The Bathybius protoplasm having recently turned out to be no organic substance at all, there remains little to be said. Nor, after reading this, does one need to consume further time in refuting the further assertion that: “In that case man also has, beyond a doubt [to the minds of Hæckel and his like], arisen from the lower Mammalia, apes, the earlier simian creatures, the still earlier Marsupialia, Amphibia, Pisces, by progressive transformations” (p. 36)—all produced by “a series of natural forces working blindly, ... without aim, without design.”

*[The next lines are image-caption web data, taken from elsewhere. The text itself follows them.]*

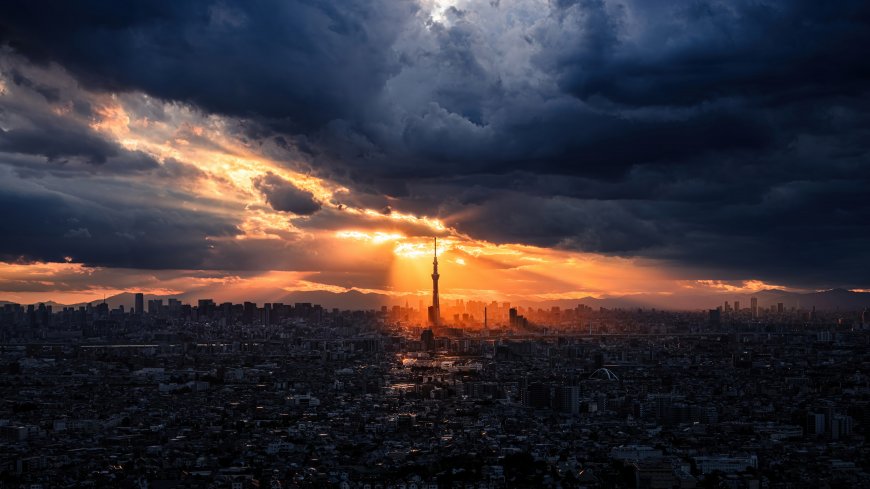 东京晴空塔矗立城市中央夕阳穿透厚重云层洒下金色光束壮丽都市风景摄影电脑壁纸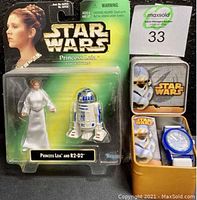Photo of original 1997 Princess Leia and R2-D2 action figure card sealed in package alongside Star Wars blue-striped R2-D2 watch in tin.
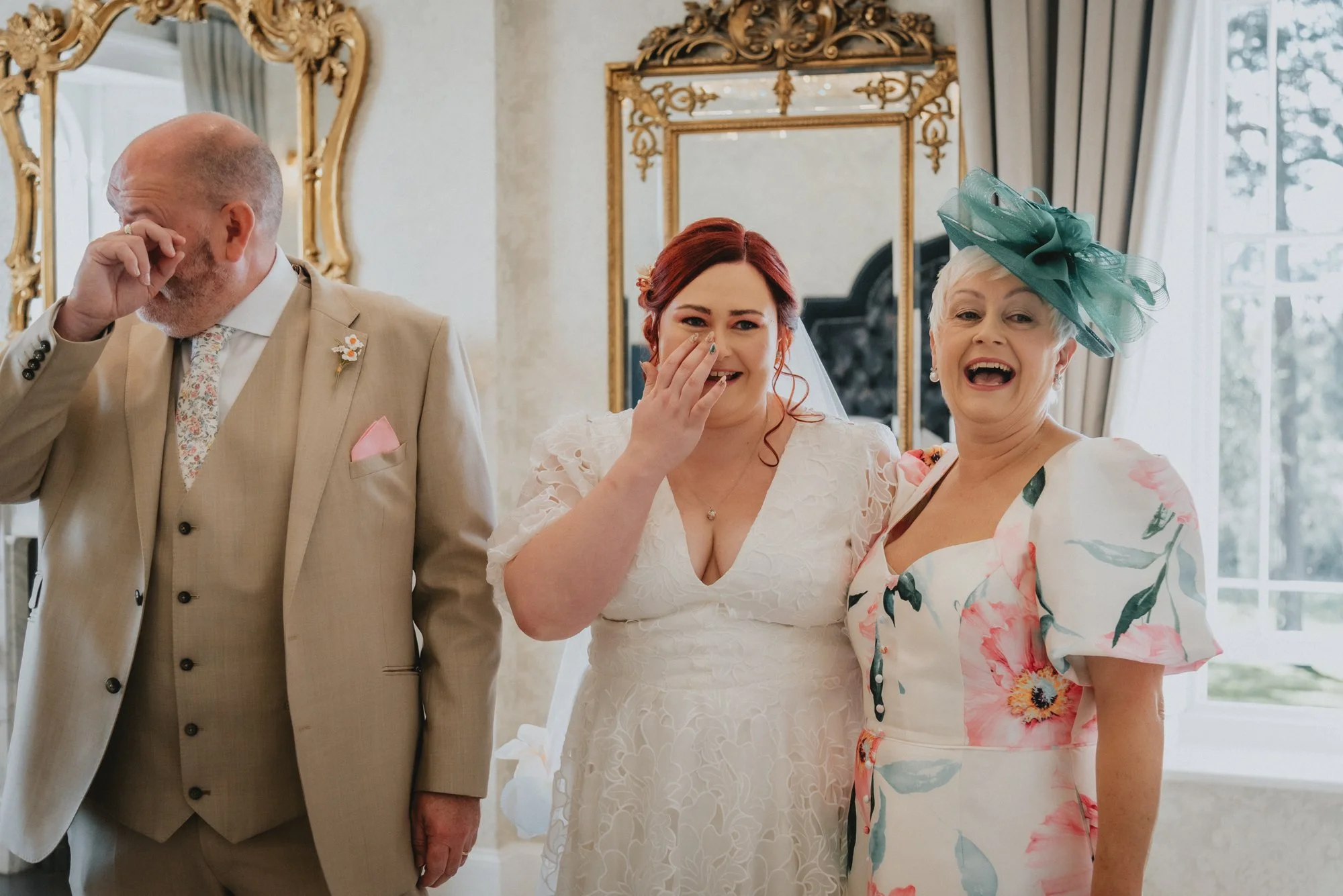 Three people at a wedding reception are emotionally reacting, with one woman in the center wiping tears, another woman on the right wearing a floral dress and hat smiling, and a man on the left in a beige suit with his hand to his face.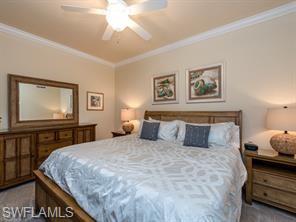 9723 Acqua Court, Unit 332 Naples, FL 34113 - Photo 8 of 23 a bedroom with a bed and a chandelier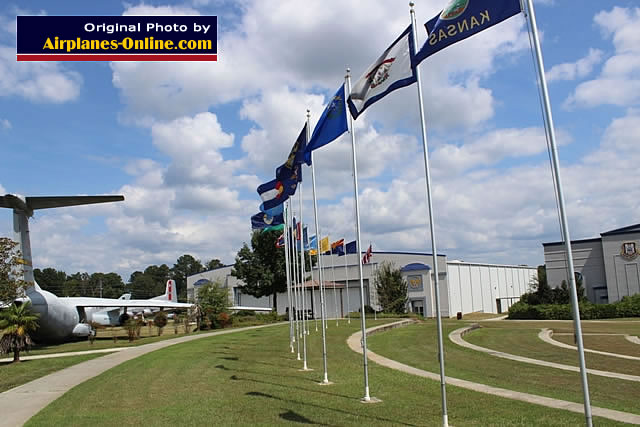 Flags in the outdoor area, with two hangars in the background at the Museum of Aviation at Robins AFB, Georgia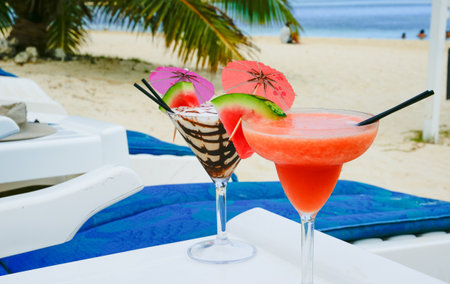 Tropical cocktails table by sun-lounger on beach at Rarotonga Cook Islands.の写真素材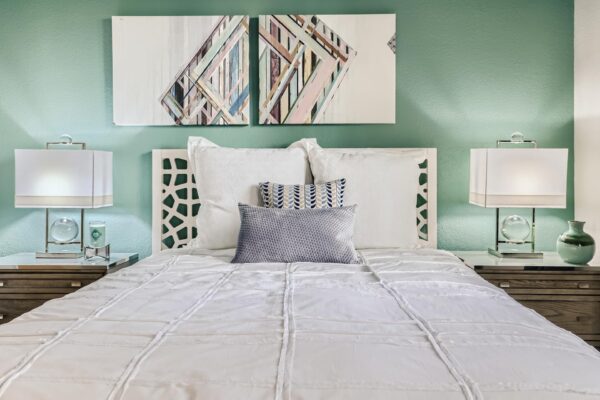 500 Ocean apartment bedroom with carpet, plush bed with headboard, bedside tables with lamps, and artwork.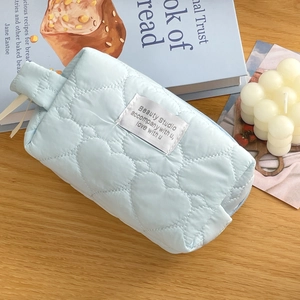 Detail view of light blue quilted cosmetic bag with heart embroidery and side handle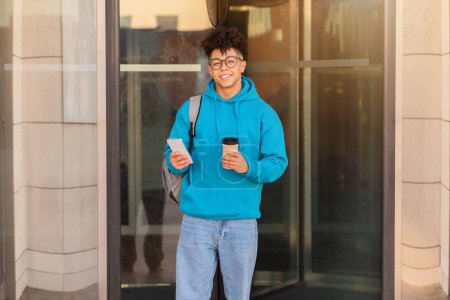 Foto de Un estudiante brasileño equipado con café y teléfono inteligente entra en un edificio de vidrio moderno - Imagen libre de derechos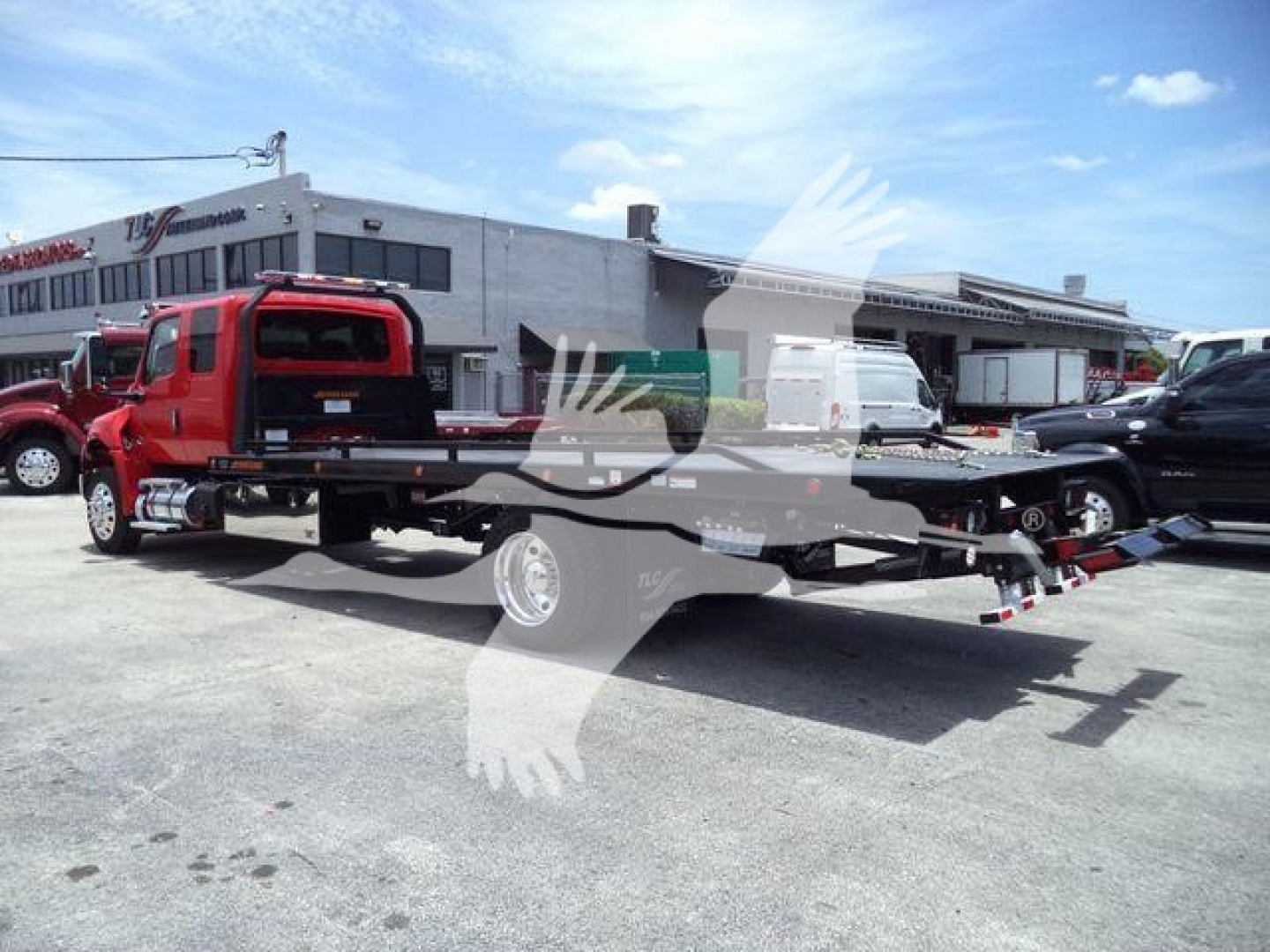 Flatbed tow truck with red cab and black platform in dealership lot; VIN 1HTEUMML1VS478884 and stock J78884 visible on listing page.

The above-quoted passage bears its criticism on its own face. Science is made to teach that, which, up to the present time, “has never been actually observed.” She is made to deny the phenomenon of an intelligent nature and a vital force independent of form and matter, and to find it more scientific to teach the miraculous performance of “natural forces working blindly without aim or design.” If so, then we are led to think that the physico-mechanical forces of the brains of certain eminent Scientists are leading them on as blindly to sacrifice logic and common sense on the altar of mutual admiration. Why should the protoplasmic Moneron producing the first living creature through self-division be held as a very scientific hypothesis, and an ethereal pre-human race generating the primeval men in the same fashion be tabooed as unscientific superstition? Or has Materialism obtained a sole monopoly in Science?

“A very strong argument in favour of variability is supplied by the science of embryology. Is not a man in the uterus ... a simple cell, a vegetable with three or four leaflets, a tadpole with branchiæ, a mammal with a tail, lastly a primate [?] and a biped? It is scarcely possible not to recognize in the embryonic evolution a rapid sketch, a faithful summary, of the entire organic series.” (Lefèvre, Philosophy, p. 484.)

The summary alluded to is, however, only that of the store of types hoarded up in man, the microcosm. This simple explanation meets all such objections, as the presence of the rudimentary tail in the fœtus—a fact triumphantly paraded by Hæckel and Darwin as conclusively in favour of the Ape-Ancestor Theory. It may also be pointed out that the presence of a vegetable with leaflets in the embryonic stages is not explained on ordinary evolutionist principles. Darwinists have not traced man through the vegetable, but Occultists have. Why then this feature in the embryo, and how do the former explain it?